Post by Arising_uk »

Nick_A wrote:When a person lacks belief they are expressing a conditioned reaction. ...
No-one lacks belief?

What sort of thing does a lack of belief describe to you?
Belief isn’t required. ...
Isn't required for what?
A parrot doesn’t believe what it says but is just expressing a conditioned reaction. ...
If a parrot believes at all then it believes it is squawking. You mean a parrot doesn't know what it says.
Hope as an acquired aspect or having hope IN something also becomes a conditioned reaction.
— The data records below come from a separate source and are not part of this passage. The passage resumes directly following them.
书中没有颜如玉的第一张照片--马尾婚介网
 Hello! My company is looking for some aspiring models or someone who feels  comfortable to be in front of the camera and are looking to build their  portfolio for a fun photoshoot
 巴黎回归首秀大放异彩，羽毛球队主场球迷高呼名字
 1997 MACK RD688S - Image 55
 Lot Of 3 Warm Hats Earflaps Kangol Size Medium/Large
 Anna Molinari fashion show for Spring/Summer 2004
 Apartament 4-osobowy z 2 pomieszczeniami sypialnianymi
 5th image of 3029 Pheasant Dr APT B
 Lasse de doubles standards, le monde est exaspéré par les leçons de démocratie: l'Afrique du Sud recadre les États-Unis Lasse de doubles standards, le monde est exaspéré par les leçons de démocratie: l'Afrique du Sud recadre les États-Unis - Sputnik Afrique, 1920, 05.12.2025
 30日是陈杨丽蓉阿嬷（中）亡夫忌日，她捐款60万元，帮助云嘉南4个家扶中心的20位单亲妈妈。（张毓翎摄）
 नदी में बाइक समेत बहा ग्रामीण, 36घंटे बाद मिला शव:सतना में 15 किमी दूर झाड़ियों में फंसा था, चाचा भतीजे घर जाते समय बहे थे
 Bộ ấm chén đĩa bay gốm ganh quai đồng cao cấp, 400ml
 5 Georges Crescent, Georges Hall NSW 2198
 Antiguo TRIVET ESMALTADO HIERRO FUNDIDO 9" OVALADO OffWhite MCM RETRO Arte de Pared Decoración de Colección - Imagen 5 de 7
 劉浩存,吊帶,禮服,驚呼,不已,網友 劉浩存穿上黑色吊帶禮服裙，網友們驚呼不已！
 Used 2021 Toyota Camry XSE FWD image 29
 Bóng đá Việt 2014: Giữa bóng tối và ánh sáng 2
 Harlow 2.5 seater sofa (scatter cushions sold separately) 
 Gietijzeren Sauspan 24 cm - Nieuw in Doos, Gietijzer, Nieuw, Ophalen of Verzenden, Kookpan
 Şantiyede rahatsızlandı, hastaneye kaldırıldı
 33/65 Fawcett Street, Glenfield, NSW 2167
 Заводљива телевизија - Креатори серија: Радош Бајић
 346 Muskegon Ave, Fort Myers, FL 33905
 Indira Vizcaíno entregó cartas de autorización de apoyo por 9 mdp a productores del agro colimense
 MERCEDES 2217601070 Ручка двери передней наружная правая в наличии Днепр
Hope as a human attribute like the potential for love is something we are born with and can become a conscious expression. ...
In what sense, doing something about one's beliefs?
That is part of the reason but another part is far deeper and is only possible through faith as a human quality rather than a means for escapism

“Human beings are so made that the ones who do the crushing feel nothing; it is the person crushed who feels what is happening. Unless one has placed oneself on the side of the oppressed, to feel with them, one cannot understand.”Simone Weil
Where's this 'faith' in this, you mean Marxism?
Those like Jesus and Socrates welcomed the experience of conscious death. ...
Well Socrates certainly did but I remember something about being forsaken in Jesus's case.
They had to consciously experience the blindness of human reaction as part of death to accomplish their mission. ...
What does this mean?
Consciously experiencing the human condition for what it is without negative defensive emotions is the path of conscious evolution. ...
Or this?
Simone needed direct conscious experience of the human situation so became part of it so as not to consciously forget it and lose her destiny. ...
Oh please, for a start she put someone else out of work for a year.
Over here we have tenure so education isn’t the goal; indoctrination is. Professors indoctrinate students into secular statism. The students as a whole just go along. Only a minority object and often they suffer as a result. ...
I have no idea what you are talking about and I've studied to a fairly high level of education. Maybe this happens in the private education system but I've not seen it in our public system.
Simone Weil: “Love is the Intermediary Between Us and the Divine”
Seems a one-way kind of love to me.
Our essential difference is that you only accept one level of reality. I believe in levels of reality or conscious evolution. That is why you only recognize secular expressions of religion or the exoteric with all its mixed blessings. I appreciate the purpose of the essence of religion is to help our species out of its slavery Plato described as if in a cave. ...
Then just bust the shackles Plato put on them.
We are always being bombarded with new paths of self deception which is the norm for cave life. You seem concerned with how best to adjust to cave life. ...
For sure, central-heating, running water, sewage system, wall to wall rugs, kitchen, flat screen telly, wi-fi, extensions, the works. This view of a cave as bad is strange to me, for sure if you're shackled in one they be nasty places, but they have been good shelters for this primate, places to come back to and plan, swap tales and myths about what's out there beyond the opening.
Others like me are concerned with how to get out of the cave. ...
Easy, turn around and walk out and whilst doing it drop the idea of Ideal Forms and just understand the phenomena and forget understanding the noumena.
That is why we cannot communicate. We begin with different foundations.
Exactly why language is so useful.
As an aside, if you’d like to read Simone’s critique of Marxism, you can find it here. This is the first paragraph:

http://www.commonsensereligion.com/2010 ... rxism.html
Nice essay.

Don't disagree with most of her analysis and agree about what she finds will be Marx's ultimate philosophical legacy.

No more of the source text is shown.